Противоборство со змеем – излюбленный сюжет мифов и легенд. Древнейшие сказания говорят об этом давнем противнике, появляющемся на разных континентах, в архаических верованиях, в шумерском эпосе, индуистских литературных памятниках и, конечно, на страницах Библии. В православной иконописи образ поверженного змея сопутствует Георгию Победоносцу.
И всё-таки победа над злом здесь, на земле, вплоть до самых последних времен, не может быть полной. Каждому предстоит выдержать нелегкое противоборство, пройти змиево искушение (само слово «искус» по звучанию напоминает «укус»); пройти всем – и большим, выдающимся подвижникам, и самым обычным людям, малым мира сего.
Так и должно быть! Если мы обратим внимание на сюжеты сказок, то едва ли не в каждой обнаружим мотивы путешествия, испытания. В языческом и христианском мире продолжали, следовательно, бытовать вековечные мифы.
Мифопоэтическое мышление, равно как и уязвимость для стрел зла, характерны абсолютно для всех людей, не исключая и тех, кто уже обрел Истину. Потому что, как известно, отыскать верный путь и пройти по нему – вовсе не одно и то же. Об этом наша история, которую сотни лет назад рассказывали, или могли рассказывать, друг другу монахи на скалистых берегах Днестра, близ села Роги.
Бегство
Случилось это во времена императора Льва III Исавра или даже при Константине V Копрониме, то есть где-то в середине VIII века, едва ли не под занавес первого тысячелетия в истории веры Христовой. Мефодий был одним из сотен византийских монахов, бежавших от преследований в земли так называемой «Великой Скифии», в Северное Причерноморье.

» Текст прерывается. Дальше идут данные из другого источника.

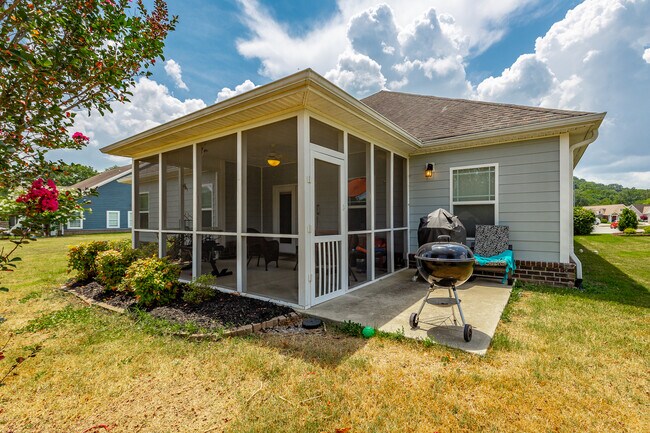 Building Photo - 2340 Waterhaven Dr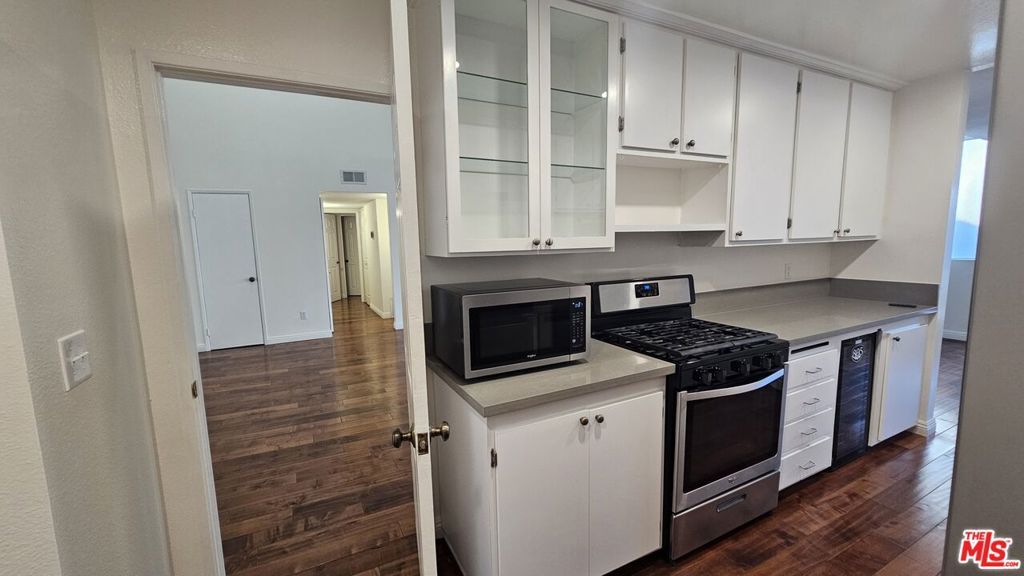 Image 6 of property listing at 1940 N Highland Avenue 59, Los Angeles, CA 90068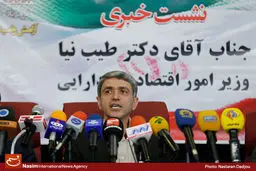 وزیر اقتصاد: سیستم الکترونیکی گمرک درآمدهای دولت را تا ۱۲۰ درصد افزایش داده است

На родине бушевали репрессии, развернутые иконоборцами. Святые образы поносились, безжалостно уничтожались. Император объявил почитателей икон своими личными врагами. Над «негибким» православным духовенством откровенно издевались, к самым стойким применялся argumentum ad baculum (дословно: дубина как аргумент), монашествующие подвергались физической расправе.

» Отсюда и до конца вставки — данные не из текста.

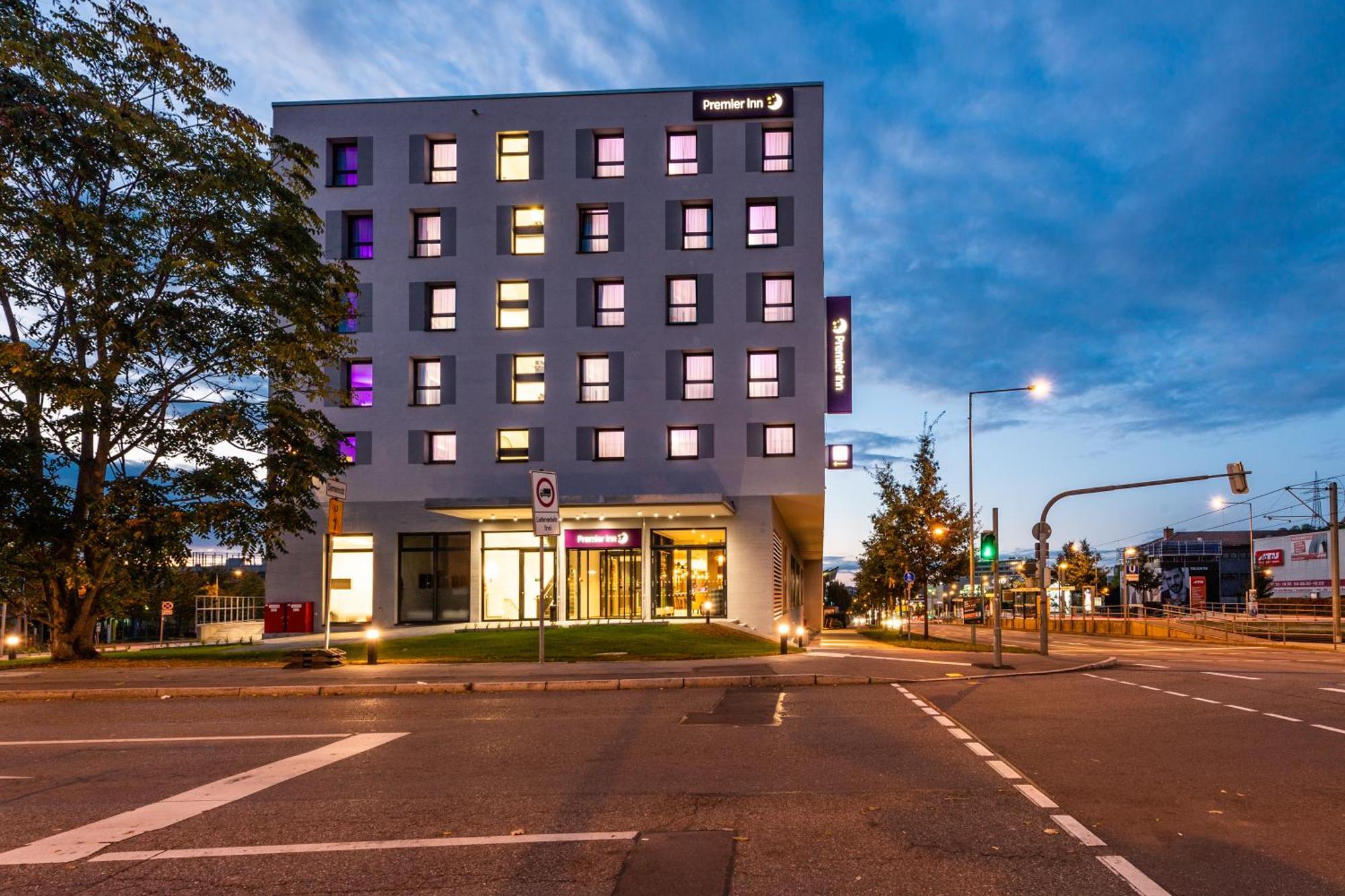 Premier Inn Stuttgart Feuerbach Exterior photo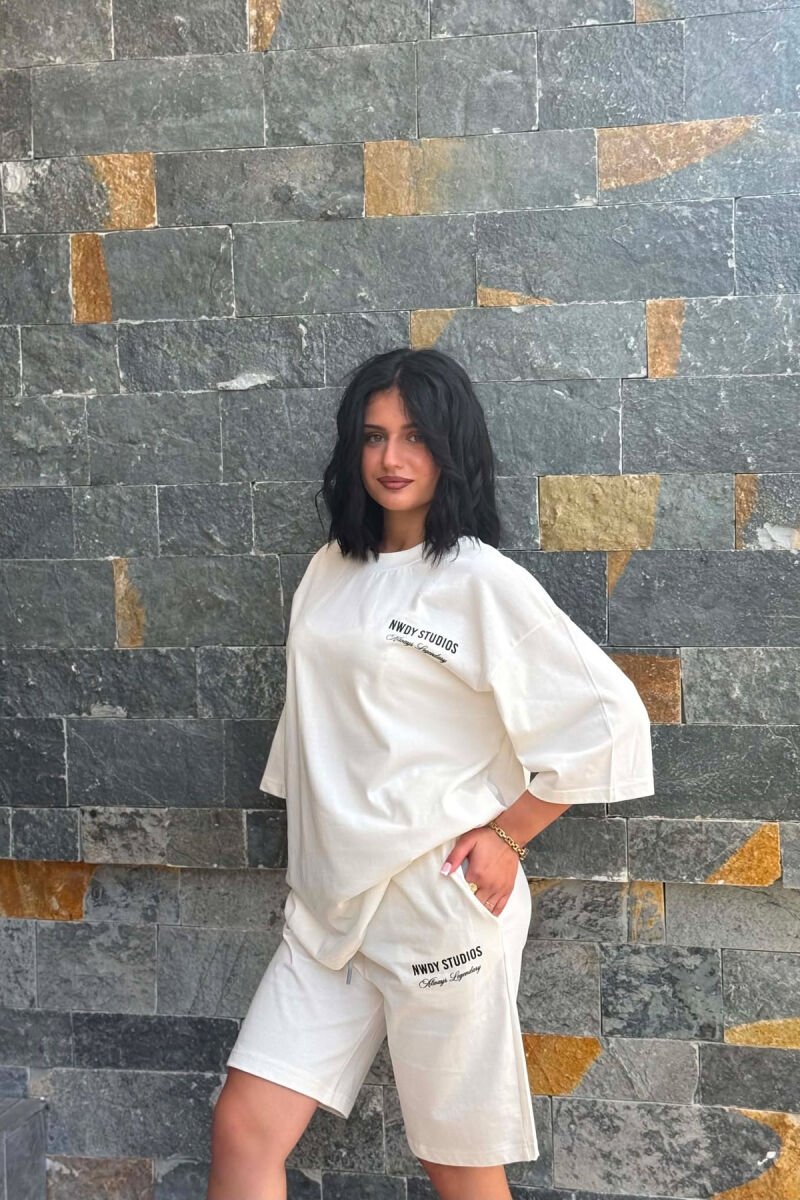 FRONT WRITTINGS T-SHIRT + SHORT SWEATPANTS WOMAN SET WHITE-E BARDHE - 6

Но пуще телесных мук страшила единомышленников Мефодия перспектива прослыть в глазах Господа причастными бесовскому действу. Как заповедано псалмопевцем: «Блажен муж, который не ходит на совет нечестивых и не сидит в собрании развратителей!». А еще сказано: «Если согрешит против тебя брат твой, пойди и обличи его…». Ересь иконоборцев обличали. Смело, открыто, несмотря на протекцию императора. Но, должно быть, слишком крепко опутал лукавый умы вчерашних христиан, если таковые подняли руку на почитаемые, святые лики, на саму Божью Матерь, образ которой Мефодий с трепетом увозил в дорожной холщовой сумке.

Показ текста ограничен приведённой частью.